• HDU


    题意:对于给定的物品,求两个在高度上单调不递增,权值上单调不递减的序列,使二者长度之和最大。
    分析:可以用费用流求解,因为要求长度和最大,视作从源点出发的流量为2的费用流,建负权边,每个物品只能取一次,且花费为-1。将每个物品拆成入点和出点,中间建容量为1,费用为-1的弧。建源点s和超级源点S,S到s建容量为2,费用为0的弧,表示只有两个序列。源点s向每个入点建容量为1,费用为0的弧,表示每个点都可作为序列的首项。出点向汇点建容量为1,费用为0的弧,表示每个点都可作为序列的末项。
    对给定物品按高度和权值排序后,从权值较小的物品向权值较大的物品建边,容量为1,花费为0。

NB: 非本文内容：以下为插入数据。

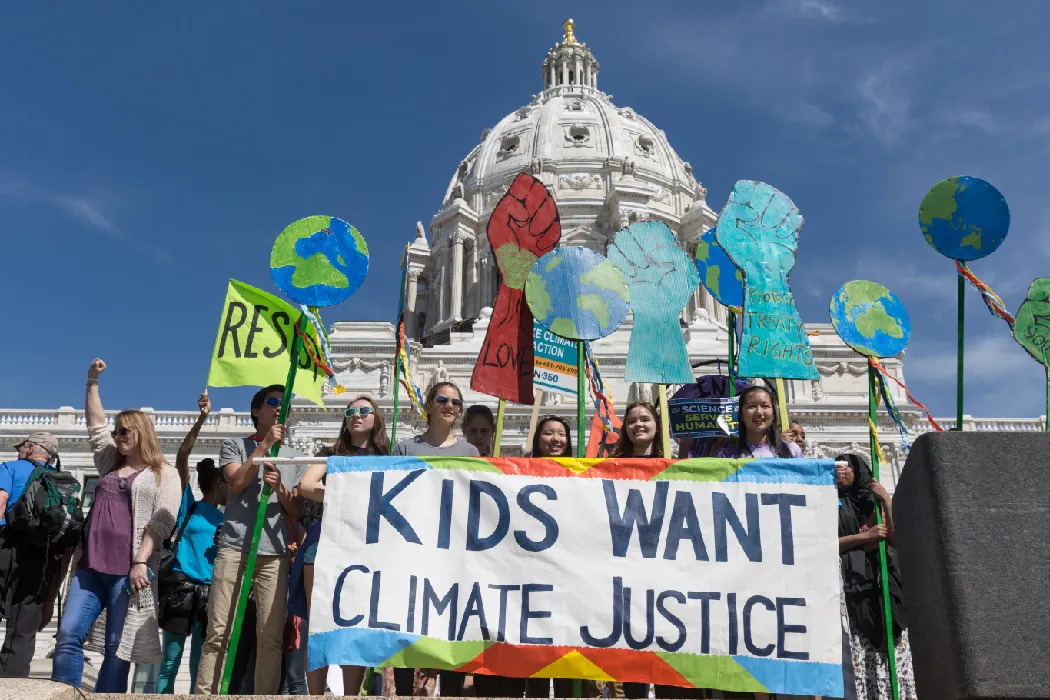 Young people rally in front of a government building holding a sign that says Kids Want Climate Justice.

    跑出费用流后对花费取反就是答案。spfa要用栈优化,队列会T。

    #include<iostream>
    #include<cstring>
    #include<stdio.h>
    #include<algorithm>
    #include<string>
    #include<cmath>
    #include<set>
    #include<map>
    #include<vector>
    #include<stack>
    #include<queue>
    using namespace std;
    const int MAXN = 2005;
    const int MAXM = 2000005;
    const int INF = 0x3f3f3f3f;
    struct Edge{
        int to, next, cap, flow, cost;
    } edge[MAXM];
    int head[MAXN], tot;
    int pre[MAXN], dis[MAXN];
    bool vis[MAXN];
    int N;
    void init(int n)
    {
        N = n;
        tot = 0;
        memset(head, -1, sizeof(head));
    }
    
    void AddEdge(int u, int v, int cap, int cost)
    {
        edge[tot] = (Edge){v,head[u],cap,0,cost};
        head[u] = tot++;
        edge[tot] = (Edge){u,head[v],0,0,-cost};
        head[v] = tot++;
    }
    
    bool spfa(int s, int t){
        stack<int> q;
        for (int i = 0; i < N; i++){
            dis[i] = INF;
            vis[i] = false;
            pre[i] = -1;
        }
        dis[s] = 0;
        vis[s] = true;
        q.push(s);
        while (!q.empty()){
            int u = q.top();
            q.pop();
            vis[u] = false;
            for (int i = head[u]; i != -1; i = edge[i].next){
                int v = edge[i].to;
    
                if (edge[i].cap > edge[i].flow && dis[v] > dis[u] + edge[i].cost){
                    dis[v] = dis[u] + edge[i].cost;
                    pre[v] = i;
                    if (!vis[v]){
                        vis[v] = true;
                        q.push(v);
                    }
                }
            }
        }
        if (pre[t] == -1) return false;
        else  return true;
    }
    
    int minCostMaxflow(int s, int t, int &cost){
        int flow = 0;
        cost = 0;
        while (spfa(s, t)){
            int Min = INF;
            for (int i = pre[t]; i != -1; i = pre[edge[i ^ 1].to]){
                if (Min > edge[i].cap - edge[i].flow)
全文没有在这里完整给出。